Knockdown of BMP2 enhanced TRPC expression, SOCE, and basal [Ca²⁺]_i and increased proliferation and migration of distal PASMCs.

To verify the above-mentioned effects of BMP2 in PASMCs, we further used siRNA targeted to BMP2 (BMP2 siRNA) to knock down BMP2 expression in the culture. As seen in Fig. 5A, exposure of PASMCs to BMP2 siRNA resulted in a 89.1% decrease of BMP2 mRNA compared with that in NT siRNA-treated control cells. Under this condition, the amount of BMP2 protein in the conditioned medium of PASMC culture was decreased 85.9% (Fig. 5B). The specificity of BMP2 siRNA was verified by determining the mRNA (Fig. 5A) and protein (Fig. 5B) levels of BMP4 in PASMC culture, which were not altered by BMP2 siRNA treatment. Next, we examined the effects of decreased BMP2 on TRPC expression and the subsequent functional influences on SOCE and basal [Ca²⁺]_i in rat distal PASMCs. Knockdown of BMP2 caused significant increases of mRNA (Fig. 5C) and protein (Fig. 5D) expression of TRPC1, TRPC4, and TRPC6 compared with NT siRNA-exposed cells. Consequently, restoration of extracellular Ca²⁺ led to a peak change in [Ca²⁺]_i of 527.2.1 ± 68.1 nM (n = 3) in PASMCs treated with BMP2 siRNA; this peak change in [Ca²⁺]_i was greater than that measured in NT siRNA-treated cells (Δ[Ca²⁺]_i = 385.5 ± 31.3 nM, n = 3, P < 0.05; Fig. 6A). SOCE assessed by Mn²⁺ quenching was increased ∼14.8% by BMP2 siRNA treatment (P < 0.05 vs. NT siRNA treatment; Fig. 6B). Basal [Ca²⁺]_i was increased from 68.53 ± 6.28 nM in control cells exposed to NT siRNA to 85.78 ± 5.95 nM in PASMCs treated with BMP2 siRNA (P < 0.05; Fig. 6C). Moreover, as indicated in Fig. 7, knockdown of BMP2 caused increases in proliferation and migration of PASMCs (Fig. 7) compared with cells treated with NT siRNA.
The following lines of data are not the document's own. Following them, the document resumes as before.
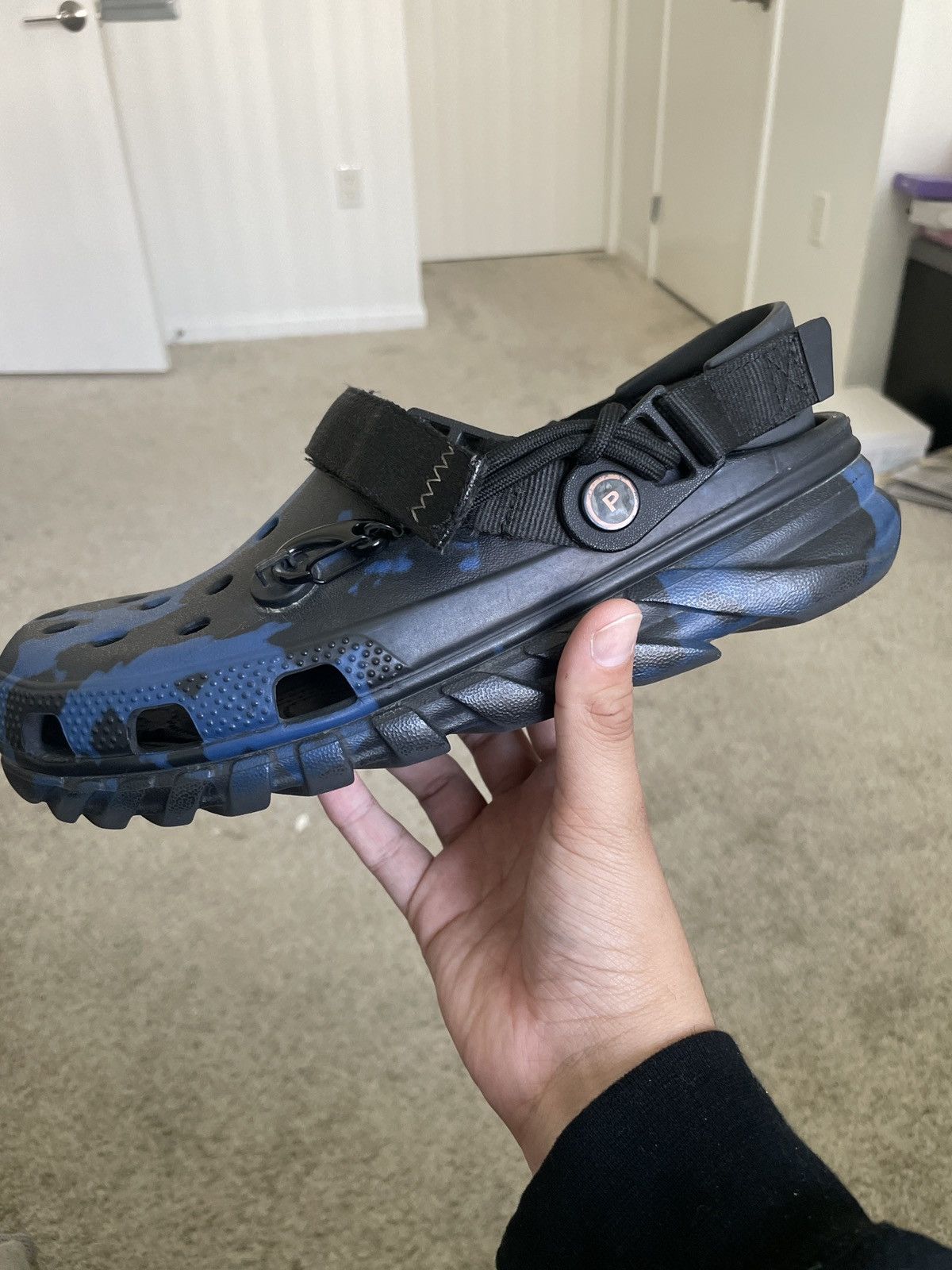 Crocs Crocs X Post Malone | Grailed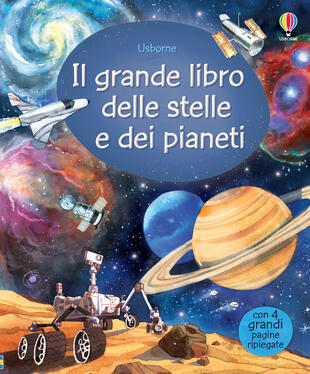 copertina Il librone delle stelle e dei pianeti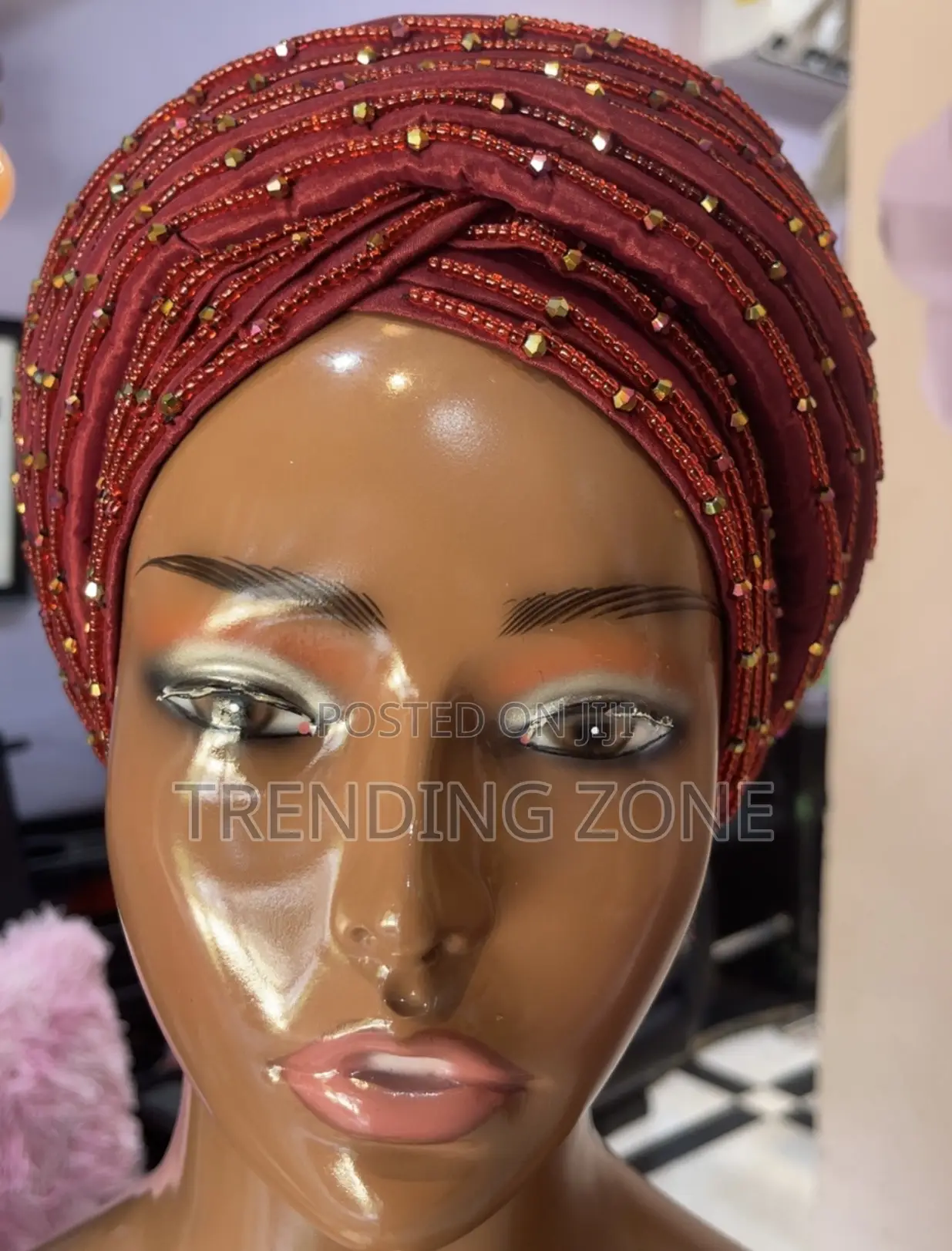Unique Auto Gele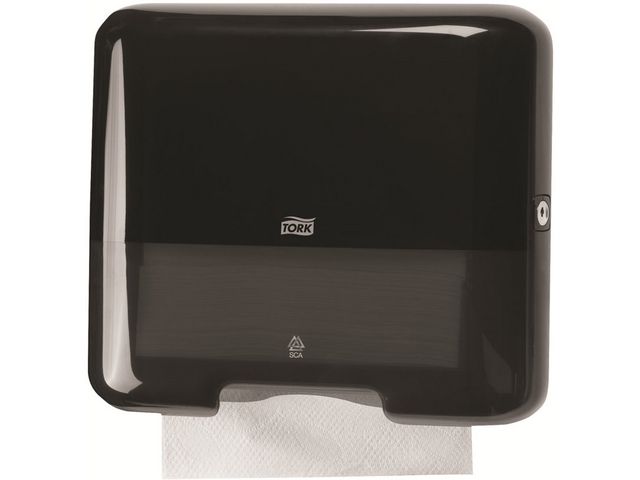 Tork Dispenser H3 Handduk mini svart, st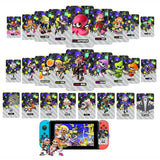 Cartes NFC Splatoon 2026
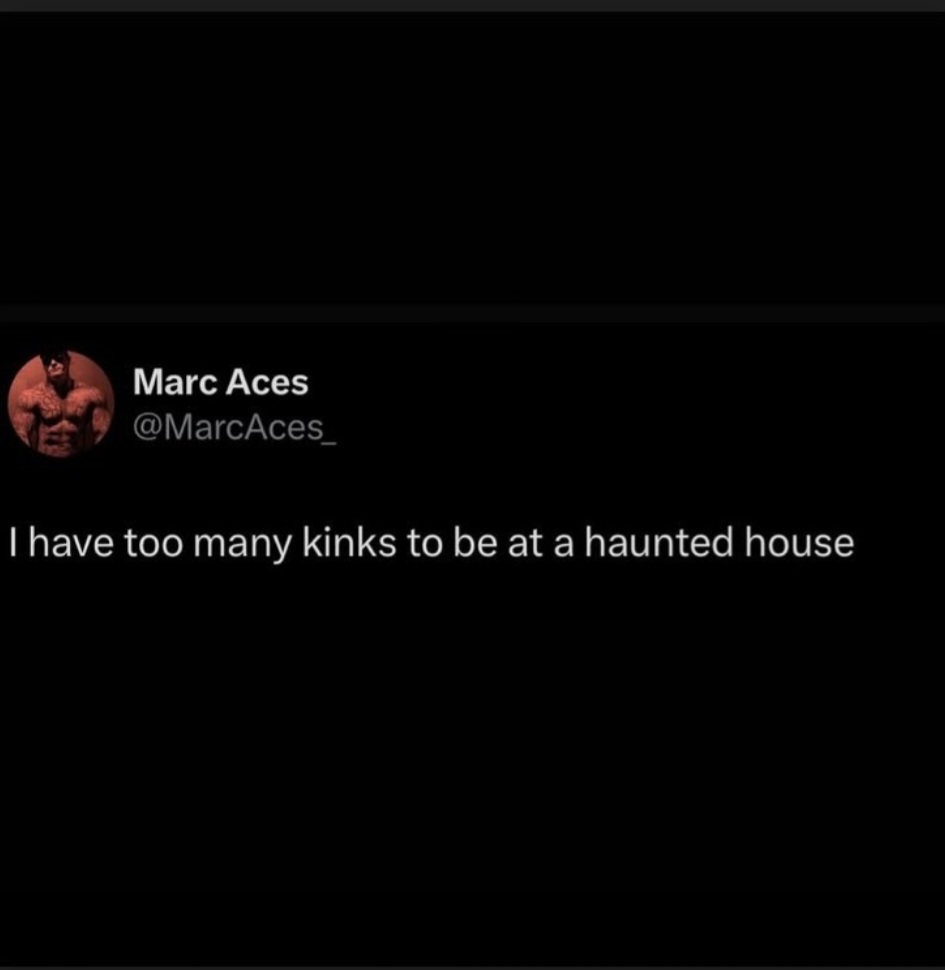 Enjoy Halloween ya'll. Always be safe!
Fig. 5. — A: BMP2 and BMP4 mRNA relative to cyclophilin B as determined by real-time quantitative PCR in PASMCs treated with BMP2 small interference (si) RNA or nontargeting (NT) control siRNA. Values are means ± SE (n = 3 for each group). *P < 0.05 vs. NT siRNA. B: representative Western blots of secreted BMP2 and BMP4 protein in conditioned media from PASMC cultures treated with BMP2 siRNA or NT control siRNA (*left*) and mean protein levels of secreted BMP2 and BMP4 relative to β-actin in cells from each PASMC culture (*right*). Values are means ± SE (n = 3 for each group). *P < 0.05 vs. NT siRNA. C: TRPC1, TRPC4, and TRPC6 mRNA relative to cyclophilin B as determined by real-time quantitative PCR in PASMCs treated with BMP2 siRNA or NT control siRNA. Values are means ± SE (n = 3 for each group). *P < 0.05 vs. NT siRNA. D: representative Western blots of TRPC1, TRPC4, and TRPC6 protein in PASMCs treated with BMP2 siRNA or NT control siRNA (*left*) and mean protein expression for TRPC1, TRPC4, and TRPC6 relative to β-actin (*right*). Values are means ± SE (n = 3 for each group). *P < 0.05 vs. NT siRNA.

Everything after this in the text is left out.